In answer to a few questions/concerns--with the kids camp--they must have an adult with them--we do have a couple of exceptions with some kids that are actually already members of the guild and participate in our sewing activities. We've had grandpa's, older sibs, etc--just need to be able to sew. Sometimes the adult has the child sitting on their lap so the adult controls the foot control (speed)--although we also have a couple of kids that prefer to stand to sew and do a great job--gives them better control. With that group, the adult brings their own machine since they know their own machine (hopefully!) Our leader for this is a school principal so she's pretty darn good at organzing and keeping the kids engaged--and also the parents/adults!
With the event at the county fair, guild members bring a machine (and many of us have a cheaper travel machine for classes that we use)and the building we use is A/C and the one for all the textile classes so clean.
Both these use very simple items--rag pillow, drawstring bags, mug rugs, placemats, etc. Ours is a large guild and we seem to always have donated fabric so getting supplies is no problem.

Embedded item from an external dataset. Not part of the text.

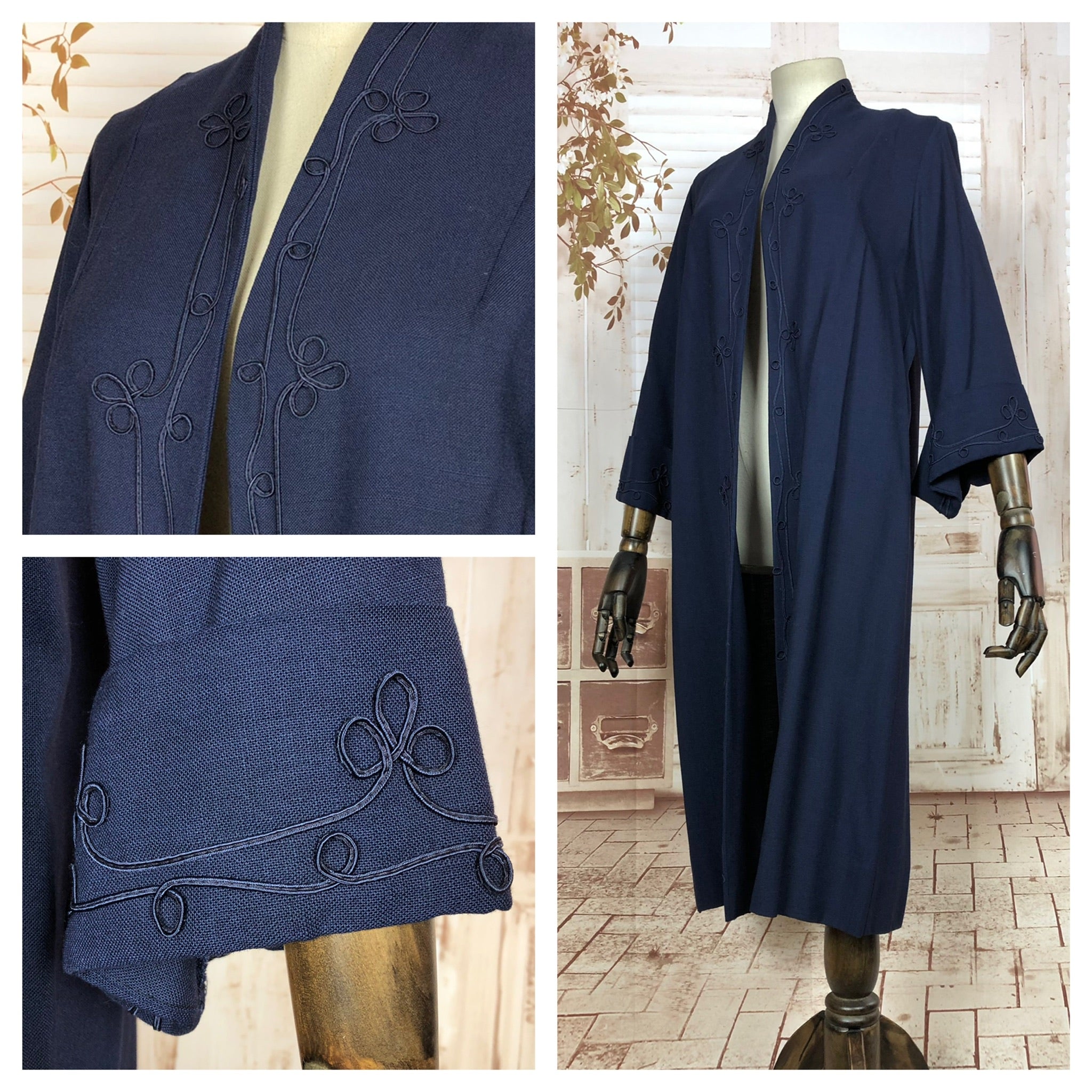 Fabulous Lightweight Late 1940s 40s / Early 1950s 50s Vintage Blue Clutch Coat With Soutache Embroidery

We did mentor a high school FACS classes last year in making a large lap quilt--we probably won't do this again as it was lenghty (9 weeks), full day, and we had to cover almost every day--our volunteers found that hard to be consistent and frankly, some were a little afraid of high schoolers--not a problem for most of us that did actually volunteer and we had some fun with the kids(ok--there were a few boys I wanted to dropkick!). We decided instead to invite our local FACS teachers, Scout leaders, 4H leaders, etc to our kids camp to see how we organize sewing with kids and to get ideas for their groups. We've only had mediocre success with that cause it's in the summer and most of those folks are wanting a break!

And I agree with Bkay--think if you ask people for fabrics and used older machines to use, you will find lots of enthusiasm.

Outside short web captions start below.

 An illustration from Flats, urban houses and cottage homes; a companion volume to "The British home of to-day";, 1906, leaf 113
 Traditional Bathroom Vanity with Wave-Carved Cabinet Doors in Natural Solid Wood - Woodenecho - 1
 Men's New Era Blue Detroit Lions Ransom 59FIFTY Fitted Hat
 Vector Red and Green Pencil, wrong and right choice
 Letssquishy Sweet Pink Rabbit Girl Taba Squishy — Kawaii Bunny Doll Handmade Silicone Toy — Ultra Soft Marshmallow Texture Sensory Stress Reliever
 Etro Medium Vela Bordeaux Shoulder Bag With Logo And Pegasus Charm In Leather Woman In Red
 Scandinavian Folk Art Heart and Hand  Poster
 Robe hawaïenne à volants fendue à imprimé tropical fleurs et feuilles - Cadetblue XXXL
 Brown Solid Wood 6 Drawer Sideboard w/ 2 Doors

I'd like some suggestions from others on how to get young women (men??) involved in sewing and quilting--I'm talking 20-30 year olds. Many have not learned to sew in school and may not have family members that sew. My guild tries to make our sew days on Sat. to help those that work outside the home (or have young kids and need someone else to watch). I see lots of blogs with young women quilters--but how to get new sewers? We offer 7weeks of beginner classes (end up with a sampler that teaches everything except Y seams and PP--we do get a few via that but they all seem so busy and pulled in 3 different directions--how to other guilds counter that?